Competition is also inherently wasteful. And if you're talking about wasting a few K or a few Mil here or there, fine, whatever. But here we're talking about waste on the order of trillions of dollars at the end of the day.
Not my loss, will keep using DeepSeek then. Wake me up when my country is no longer in the wrong/right side of history.
Edit: nvm I can't read, regular benchmarks against SOTA are there
Besides, I'm old enough to recall that META has trained a version of LLAMA 4 specifically for LM arena elo benchmaxxing and PR things, and proceeded to release a different version of LLAMA 4.
Maybe they need to mine more libra coin first? or is it diem now? is that even still part of meta?

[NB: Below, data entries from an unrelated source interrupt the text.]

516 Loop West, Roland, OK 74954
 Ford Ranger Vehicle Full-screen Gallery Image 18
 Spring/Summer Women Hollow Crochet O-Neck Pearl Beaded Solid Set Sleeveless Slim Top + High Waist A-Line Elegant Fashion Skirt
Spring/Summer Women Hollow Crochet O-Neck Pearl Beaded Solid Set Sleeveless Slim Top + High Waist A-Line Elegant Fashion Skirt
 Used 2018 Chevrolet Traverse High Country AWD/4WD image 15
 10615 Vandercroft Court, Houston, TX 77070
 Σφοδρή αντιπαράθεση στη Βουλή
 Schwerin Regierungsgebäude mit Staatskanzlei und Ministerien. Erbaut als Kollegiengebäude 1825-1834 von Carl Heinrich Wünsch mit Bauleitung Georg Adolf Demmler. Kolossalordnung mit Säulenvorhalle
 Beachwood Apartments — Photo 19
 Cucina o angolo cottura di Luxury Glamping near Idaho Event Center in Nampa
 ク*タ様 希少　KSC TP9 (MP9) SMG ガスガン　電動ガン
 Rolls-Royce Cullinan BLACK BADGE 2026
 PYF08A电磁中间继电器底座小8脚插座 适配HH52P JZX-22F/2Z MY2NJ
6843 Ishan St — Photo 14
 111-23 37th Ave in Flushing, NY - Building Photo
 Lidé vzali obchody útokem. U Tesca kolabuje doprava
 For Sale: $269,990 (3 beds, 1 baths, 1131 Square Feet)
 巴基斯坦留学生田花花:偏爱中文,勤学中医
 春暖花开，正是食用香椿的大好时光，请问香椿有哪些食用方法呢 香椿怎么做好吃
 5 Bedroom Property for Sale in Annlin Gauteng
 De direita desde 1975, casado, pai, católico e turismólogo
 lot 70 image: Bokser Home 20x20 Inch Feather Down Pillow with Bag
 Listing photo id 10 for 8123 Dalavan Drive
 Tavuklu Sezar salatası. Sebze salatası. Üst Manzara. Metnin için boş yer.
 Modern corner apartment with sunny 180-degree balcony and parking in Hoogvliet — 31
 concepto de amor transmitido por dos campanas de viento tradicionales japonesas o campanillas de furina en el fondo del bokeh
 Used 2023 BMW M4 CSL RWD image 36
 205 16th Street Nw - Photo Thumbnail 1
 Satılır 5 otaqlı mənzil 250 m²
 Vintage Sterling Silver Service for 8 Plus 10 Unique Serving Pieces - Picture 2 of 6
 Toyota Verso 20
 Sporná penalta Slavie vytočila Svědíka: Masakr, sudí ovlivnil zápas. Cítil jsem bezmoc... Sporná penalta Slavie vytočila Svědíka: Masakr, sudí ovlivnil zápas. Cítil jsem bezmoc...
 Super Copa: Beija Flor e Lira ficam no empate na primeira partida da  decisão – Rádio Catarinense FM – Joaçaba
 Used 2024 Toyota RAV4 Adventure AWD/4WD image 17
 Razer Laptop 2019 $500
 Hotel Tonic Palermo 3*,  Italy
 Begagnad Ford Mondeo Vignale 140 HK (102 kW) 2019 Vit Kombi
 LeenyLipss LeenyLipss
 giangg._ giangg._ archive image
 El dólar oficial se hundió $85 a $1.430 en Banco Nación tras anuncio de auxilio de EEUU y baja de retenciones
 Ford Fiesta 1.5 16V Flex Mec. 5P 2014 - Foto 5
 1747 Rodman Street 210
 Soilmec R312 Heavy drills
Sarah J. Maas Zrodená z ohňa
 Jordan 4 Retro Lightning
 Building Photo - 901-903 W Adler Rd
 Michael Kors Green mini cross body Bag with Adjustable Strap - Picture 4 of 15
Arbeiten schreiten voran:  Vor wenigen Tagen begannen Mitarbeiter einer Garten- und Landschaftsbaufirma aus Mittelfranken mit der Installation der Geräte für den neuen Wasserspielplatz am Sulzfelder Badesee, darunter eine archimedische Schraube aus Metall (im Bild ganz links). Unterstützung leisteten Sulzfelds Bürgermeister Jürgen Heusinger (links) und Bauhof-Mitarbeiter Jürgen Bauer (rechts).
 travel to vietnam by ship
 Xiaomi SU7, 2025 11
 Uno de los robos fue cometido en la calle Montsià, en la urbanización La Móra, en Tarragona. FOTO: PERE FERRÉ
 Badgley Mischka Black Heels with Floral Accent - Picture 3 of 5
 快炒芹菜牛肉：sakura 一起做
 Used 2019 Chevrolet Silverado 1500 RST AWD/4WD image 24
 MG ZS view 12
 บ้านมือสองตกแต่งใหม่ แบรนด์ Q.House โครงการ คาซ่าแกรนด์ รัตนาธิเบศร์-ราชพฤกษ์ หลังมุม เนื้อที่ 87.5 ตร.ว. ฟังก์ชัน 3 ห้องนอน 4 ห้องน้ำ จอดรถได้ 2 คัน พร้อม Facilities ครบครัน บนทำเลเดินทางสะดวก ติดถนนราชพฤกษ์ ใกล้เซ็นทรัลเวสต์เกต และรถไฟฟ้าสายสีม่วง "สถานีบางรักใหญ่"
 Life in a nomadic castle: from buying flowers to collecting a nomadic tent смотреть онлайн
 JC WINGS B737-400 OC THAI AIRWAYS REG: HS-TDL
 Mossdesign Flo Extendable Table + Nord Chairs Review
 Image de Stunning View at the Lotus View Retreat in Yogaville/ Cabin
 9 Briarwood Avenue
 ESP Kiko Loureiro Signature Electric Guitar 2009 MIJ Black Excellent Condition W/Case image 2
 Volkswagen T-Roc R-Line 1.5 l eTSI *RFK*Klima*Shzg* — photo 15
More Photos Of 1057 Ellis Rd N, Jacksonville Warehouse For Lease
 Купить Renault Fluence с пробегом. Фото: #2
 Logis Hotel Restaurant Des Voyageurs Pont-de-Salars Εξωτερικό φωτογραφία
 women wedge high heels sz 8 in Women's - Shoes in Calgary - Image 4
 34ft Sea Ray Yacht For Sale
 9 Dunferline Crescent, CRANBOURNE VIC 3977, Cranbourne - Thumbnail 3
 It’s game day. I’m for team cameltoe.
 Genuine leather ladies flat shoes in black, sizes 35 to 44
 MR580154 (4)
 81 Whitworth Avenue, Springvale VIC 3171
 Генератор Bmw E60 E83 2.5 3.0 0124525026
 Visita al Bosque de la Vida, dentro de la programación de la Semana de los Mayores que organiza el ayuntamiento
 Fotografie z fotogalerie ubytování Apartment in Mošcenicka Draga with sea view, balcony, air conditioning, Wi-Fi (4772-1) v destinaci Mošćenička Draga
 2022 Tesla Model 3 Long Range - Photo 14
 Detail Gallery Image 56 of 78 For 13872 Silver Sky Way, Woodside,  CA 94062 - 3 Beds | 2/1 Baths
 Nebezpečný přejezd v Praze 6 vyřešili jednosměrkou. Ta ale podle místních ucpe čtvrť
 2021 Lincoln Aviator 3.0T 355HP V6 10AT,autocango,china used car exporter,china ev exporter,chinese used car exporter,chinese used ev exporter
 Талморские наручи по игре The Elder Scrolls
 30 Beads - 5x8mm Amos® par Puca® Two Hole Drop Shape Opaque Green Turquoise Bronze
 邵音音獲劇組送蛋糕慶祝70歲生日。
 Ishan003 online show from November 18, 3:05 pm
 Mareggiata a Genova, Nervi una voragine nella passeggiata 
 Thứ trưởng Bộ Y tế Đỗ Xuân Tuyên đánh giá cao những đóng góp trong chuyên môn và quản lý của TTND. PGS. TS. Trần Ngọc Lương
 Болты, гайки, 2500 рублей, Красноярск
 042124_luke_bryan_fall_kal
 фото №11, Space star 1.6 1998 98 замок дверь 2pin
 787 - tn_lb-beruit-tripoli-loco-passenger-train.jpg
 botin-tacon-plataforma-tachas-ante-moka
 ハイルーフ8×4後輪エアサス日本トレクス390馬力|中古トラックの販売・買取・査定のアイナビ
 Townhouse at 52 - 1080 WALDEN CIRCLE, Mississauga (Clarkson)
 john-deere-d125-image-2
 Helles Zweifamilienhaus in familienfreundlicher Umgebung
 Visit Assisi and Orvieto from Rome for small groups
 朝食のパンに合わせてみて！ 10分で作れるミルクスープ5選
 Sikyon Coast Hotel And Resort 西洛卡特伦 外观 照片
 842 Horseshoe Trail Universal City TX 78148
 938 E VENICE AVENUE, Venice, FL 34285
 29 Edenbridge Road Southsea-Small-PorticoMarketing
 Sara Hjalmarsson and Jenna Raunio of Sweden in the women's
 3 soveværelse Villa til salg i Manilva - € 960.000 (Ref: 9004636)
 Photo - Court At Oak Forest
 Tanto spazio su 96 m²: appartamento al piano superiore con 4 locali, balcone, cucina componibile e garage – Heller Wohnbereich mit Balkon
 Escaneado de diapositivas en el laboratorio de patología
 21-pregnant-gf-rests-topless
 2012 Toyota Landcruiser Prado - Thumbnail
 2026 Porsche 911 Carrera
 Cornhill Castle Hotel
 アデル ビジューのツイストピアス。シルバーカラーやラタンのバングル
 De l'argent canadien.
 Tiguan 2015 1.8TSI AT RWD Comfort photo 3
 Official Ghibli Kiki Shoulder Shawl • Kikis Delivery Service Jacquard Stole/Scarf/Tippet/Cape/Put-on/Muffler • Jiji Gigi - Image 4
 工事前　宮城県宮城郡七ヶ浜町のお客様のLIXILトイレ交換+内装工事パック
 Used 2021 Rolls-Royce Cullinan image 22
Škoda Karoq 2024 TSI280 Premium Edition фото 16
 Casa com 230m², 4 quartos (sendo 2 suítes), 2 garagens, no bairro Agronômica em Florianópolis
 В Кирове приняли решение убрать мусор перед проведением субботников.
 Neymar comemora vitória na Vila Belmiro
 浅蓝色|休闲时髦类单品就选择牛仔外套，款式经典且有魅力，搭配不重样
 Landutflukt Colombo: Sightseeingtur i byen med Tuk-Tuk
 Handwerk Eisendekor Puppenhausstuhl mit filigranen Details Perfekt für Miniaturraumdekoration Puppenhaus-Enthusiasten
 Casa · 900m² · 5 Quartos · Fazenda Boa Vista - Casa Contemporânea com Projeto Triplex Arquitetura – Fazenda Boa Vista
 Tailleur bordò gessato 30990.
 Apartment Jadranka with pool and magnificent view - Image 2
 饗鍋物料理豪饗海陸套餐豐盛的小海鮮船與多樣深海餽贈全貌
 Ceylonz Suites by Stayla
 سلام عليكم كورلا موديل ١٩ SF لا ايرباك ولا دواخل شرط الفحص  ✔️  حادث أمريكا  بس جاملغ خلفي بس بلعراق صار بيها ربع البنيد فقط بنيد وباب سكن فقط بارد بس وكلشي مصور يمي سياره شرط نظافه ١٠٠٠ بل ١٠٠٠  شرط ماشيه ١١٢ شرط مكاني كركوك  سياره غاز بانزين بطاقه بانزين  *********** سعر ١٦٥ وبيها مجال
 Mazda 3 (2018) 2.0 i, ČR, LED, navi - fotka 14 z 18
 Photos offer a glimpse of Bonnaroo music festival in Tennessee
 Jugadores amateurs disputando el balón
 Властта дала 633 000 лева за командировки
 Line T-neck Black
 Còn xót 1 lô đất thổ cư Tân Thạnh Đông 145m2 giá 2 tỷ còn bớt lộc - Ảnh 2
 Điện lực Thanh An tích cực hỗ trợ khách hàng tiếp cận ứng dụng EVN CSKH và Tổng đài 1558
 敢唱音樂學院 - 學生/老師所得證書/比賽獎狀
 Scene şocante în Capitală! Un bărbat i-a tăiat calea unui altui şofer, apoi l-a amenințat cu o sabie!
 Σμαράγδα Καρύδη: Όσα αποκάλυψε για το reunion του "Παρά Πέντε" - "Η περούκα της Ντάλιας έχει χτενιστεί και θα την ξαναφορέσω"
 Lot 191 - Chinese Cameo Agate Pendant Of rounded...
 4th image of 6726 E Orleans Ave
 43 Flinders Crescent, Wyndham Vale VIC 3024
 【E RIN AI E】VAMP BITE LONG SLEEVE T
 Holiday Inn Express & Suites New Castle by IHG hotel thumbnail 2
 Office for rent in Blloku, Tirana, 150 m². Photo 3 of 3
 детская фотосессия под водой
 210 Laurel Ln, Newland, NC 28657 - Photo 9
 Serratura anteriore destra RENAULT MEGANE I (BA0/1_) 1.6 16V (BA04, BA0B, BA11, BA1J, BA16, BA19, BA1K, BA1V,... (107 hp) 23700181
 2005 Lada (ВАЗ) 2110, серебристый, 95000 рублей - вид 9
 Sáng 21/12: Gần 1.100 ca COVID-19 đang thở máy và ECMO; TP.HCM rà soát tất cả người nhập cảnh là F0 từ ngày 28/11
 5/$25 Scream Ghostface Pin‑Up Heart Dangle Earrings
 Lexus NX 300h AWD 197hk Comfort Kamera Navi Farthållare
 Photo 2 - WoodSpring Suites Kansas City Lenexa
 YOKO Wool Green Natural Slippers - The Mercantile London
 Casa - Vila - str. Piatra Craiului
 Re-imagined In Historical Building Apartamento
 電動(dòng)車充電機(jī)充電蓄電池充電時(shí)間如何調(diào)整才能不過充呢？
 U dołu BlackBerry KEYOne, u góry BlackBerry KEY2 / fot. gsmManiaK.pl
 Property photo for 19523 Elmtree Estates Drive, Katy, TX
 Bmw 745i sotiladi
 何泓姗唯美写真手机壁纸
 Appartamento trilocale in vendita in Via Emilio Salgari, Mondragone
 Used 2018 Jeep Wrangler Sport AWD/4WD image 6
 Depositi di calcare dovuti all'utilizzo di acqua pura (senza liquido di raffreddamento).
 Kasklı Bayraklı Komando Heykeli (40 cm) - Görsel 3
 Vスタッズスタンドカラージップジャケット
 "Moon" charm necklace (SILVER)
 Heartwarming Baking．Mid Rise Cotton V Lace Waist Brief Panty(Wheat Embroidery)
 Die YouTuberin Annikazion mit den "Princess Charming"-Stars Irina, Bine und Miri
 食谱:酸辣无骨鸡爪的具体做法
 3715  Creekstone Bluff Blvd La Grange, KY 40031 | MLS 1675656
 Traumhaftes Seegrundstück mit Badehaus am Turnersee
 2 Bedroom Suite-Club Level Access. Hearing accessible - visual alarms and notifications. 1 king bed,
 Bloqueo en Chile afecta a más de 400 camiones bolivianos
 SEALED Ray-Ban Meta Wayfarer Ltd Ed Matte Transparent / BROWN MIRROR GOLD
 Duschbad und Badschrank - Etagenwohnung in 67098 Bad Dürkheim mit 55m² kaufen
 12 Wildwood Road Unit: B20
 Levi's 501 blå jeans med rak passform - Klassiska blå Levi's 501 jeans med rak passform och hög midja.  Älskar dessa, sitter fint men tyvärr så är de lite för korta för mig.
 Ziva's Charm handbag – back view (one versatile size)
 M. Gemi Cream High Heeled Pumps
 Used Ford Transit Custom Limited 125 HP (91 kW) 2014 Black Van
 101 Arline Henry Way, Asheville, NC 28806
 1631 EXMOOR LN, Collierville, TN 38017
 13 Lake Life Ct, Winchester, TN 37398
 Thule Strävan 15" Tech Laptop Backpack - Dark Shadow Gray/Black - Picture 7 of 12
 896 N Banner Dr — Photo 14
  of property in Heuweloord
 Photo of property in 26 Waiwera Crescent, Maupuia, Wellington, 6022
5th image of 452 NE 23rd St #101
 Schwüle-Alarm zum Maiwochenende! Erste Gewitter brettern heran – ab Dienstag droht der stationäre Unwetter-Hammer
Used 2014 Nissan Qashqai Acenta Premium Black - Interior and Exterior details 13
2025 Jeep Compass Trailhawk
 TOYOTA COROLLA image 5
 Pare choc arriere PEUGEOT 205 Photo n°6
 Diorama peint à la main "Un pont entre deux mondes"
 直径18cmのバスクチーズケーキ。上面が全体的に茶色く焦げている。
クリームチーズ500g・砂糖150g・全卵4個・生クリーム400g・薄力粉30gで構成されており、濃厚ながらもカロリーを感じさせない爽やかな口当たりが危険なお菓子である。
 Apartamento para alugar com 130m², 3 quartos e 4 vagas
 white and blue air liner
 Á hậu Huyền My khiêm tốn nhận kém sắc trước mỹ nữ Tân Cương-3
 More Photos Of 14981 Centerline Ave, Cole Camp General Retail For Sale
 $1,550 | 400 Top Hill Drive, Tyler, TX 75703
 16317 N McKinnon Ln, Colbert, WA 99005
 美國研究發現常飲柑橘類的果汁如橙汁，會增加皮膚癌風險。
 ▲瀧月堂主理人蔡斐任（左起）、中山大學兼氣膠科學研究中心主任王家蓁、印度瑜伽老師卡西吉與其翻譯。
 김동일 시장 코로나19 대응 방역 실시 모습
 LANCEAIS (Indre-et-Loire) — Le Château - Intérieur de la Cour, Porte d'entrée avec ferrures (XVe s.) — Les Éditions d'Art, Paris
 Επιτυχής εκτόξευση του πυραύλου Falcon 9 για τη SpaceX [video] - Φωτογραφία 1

I'm sure this new AI is super intelligent and super awesome and will be writing all the code, making all the blog posts, and generating all our youtube shorts in 6 months.
yeah, the metaverse got abandoned. Also: Meta was the only one to try the concept for the past X-umpteen years even though everyone in the industry ga-gas over virtual reality worlds and workplaces at every opportunity. It's literally Meta and Linden Labs (which has been on life support for 10+ years.)
The alternative is : no one does it and nothing gets abandoned, which the industry has shown itself to be exceedingly good at w.r.t VR for the past 40+ years.
To be clear: I have no faith in meta as a company; my problem lies in kicking an entity because they attempted something different.. I don't think that's productive, and it produces stuff like the past AI winters because groups get afraid of touching experimental concepts ever again lest they incur the wrath of the shareholder.
We keep seeing things being overhyped, with not much thought behind it. Meta is particularly bad about it. They changed their name for the hype of their VR product, when VR was still niche and had a long way to go, and still does. They couldn't even figure out legs for launch.
Now they have a 'superintellegence'? Yeah, that sounds like just the latest in a line of bullshit. Why would this be different.